Question

Harry Potter approaches with a strange bag full of balls, numbered 1 to k. As you reach in to pick one, he notes that they are not all equally likely because of magic: ball 1 is least likely to be chosen, with probability c, where c is some constant. Ball 2 has probability 2c, Ball 3 has probability 3c, . . . , Ball k − 1 has probability (k − 1)c, and Ball k has probability kc.

1. What is the expected value of the ball number you pick?
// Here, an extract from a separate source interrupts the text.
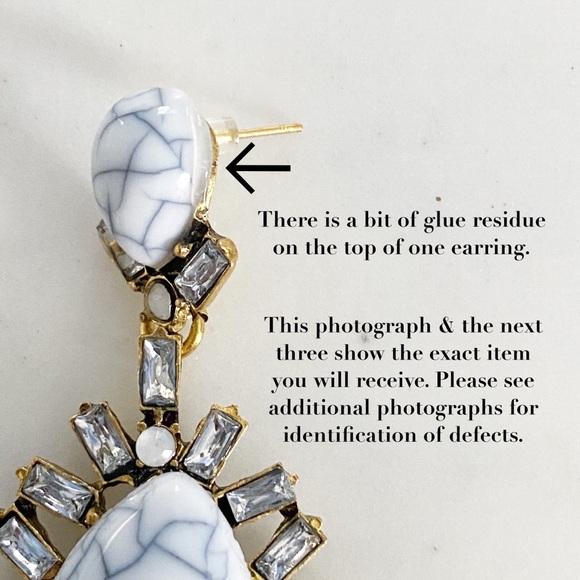 🆑 "Mallory" Earrings || White Marble Statement - Picture 5 of 12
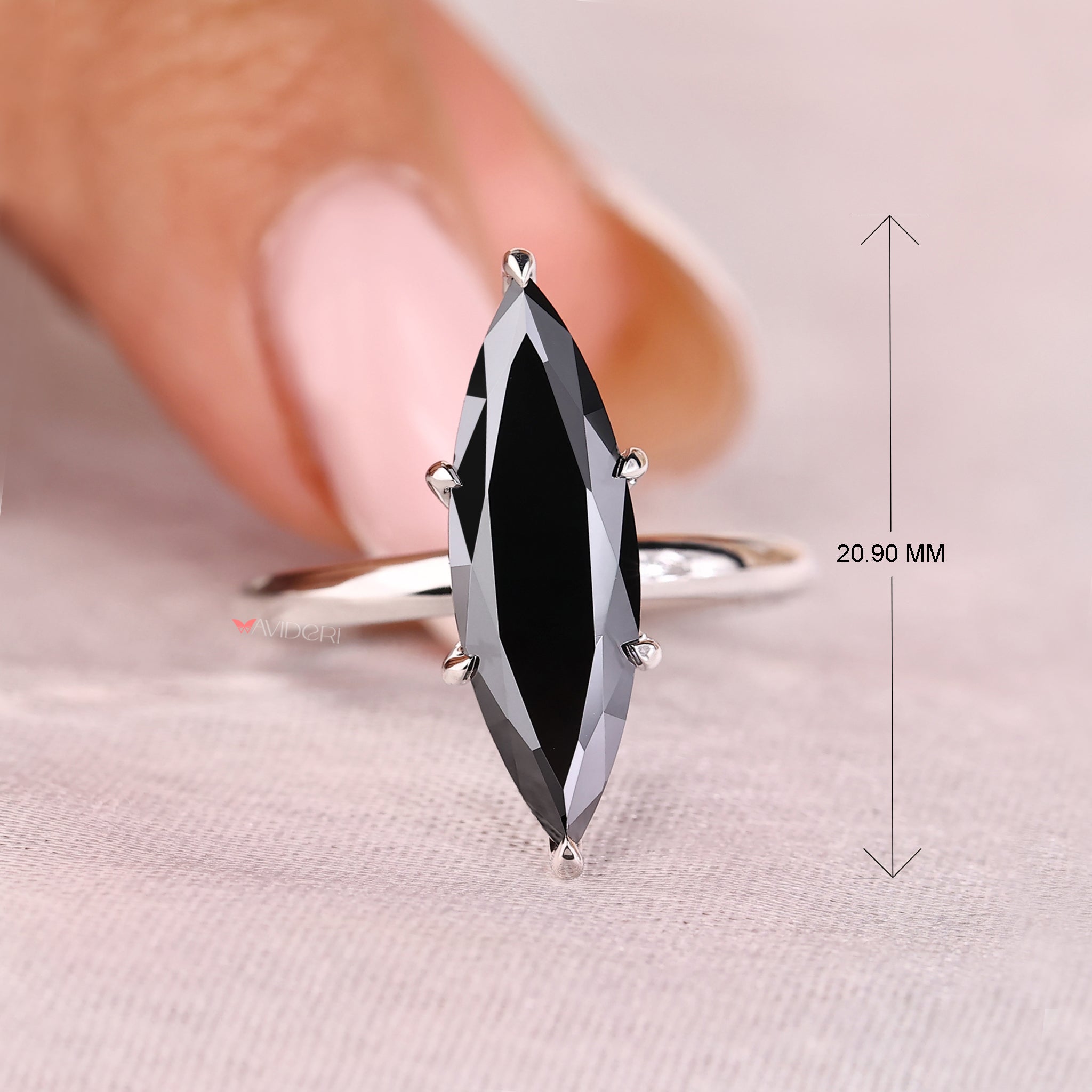 6 prong setting designed to hold a marquise cut stone.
Your answer can’t use the constant c, but will use k.

Answer 1

[k*(k+1)*(2*k+1)] / 6

Explanation:

We have balls numbered as: 1, 2, 3, ... , k with probabilities as: c, 2*c, 3*c, ... , k*c

Let Y be the discrete random variable defined as: Y = ball number

We know that Expected value of discrete Random Variable is:

E[X] = Σ₁ⁿ xₐ*f(xₐ) ,where f(xₐ) is probability of xₐ

then,

E[Y] = 1*c + 2*2*c + 3*3*c + ... + k*k*c

E[Y] = c*(1 + 2*2 + 3*3 + ... + k*k)

E[Y] = c*(1^2 + 2^2 + 3^2 + ... + k^2)

consider c = 1 (because it's constant so you can suppose any you wish)

E[Y] = 1^2 + 2^2 + 3^2 + ... + k^2

using formula of first n squares natural numbers (as attached picture)

E[Y] = [k*(k+1)*(2*k+1)] / 6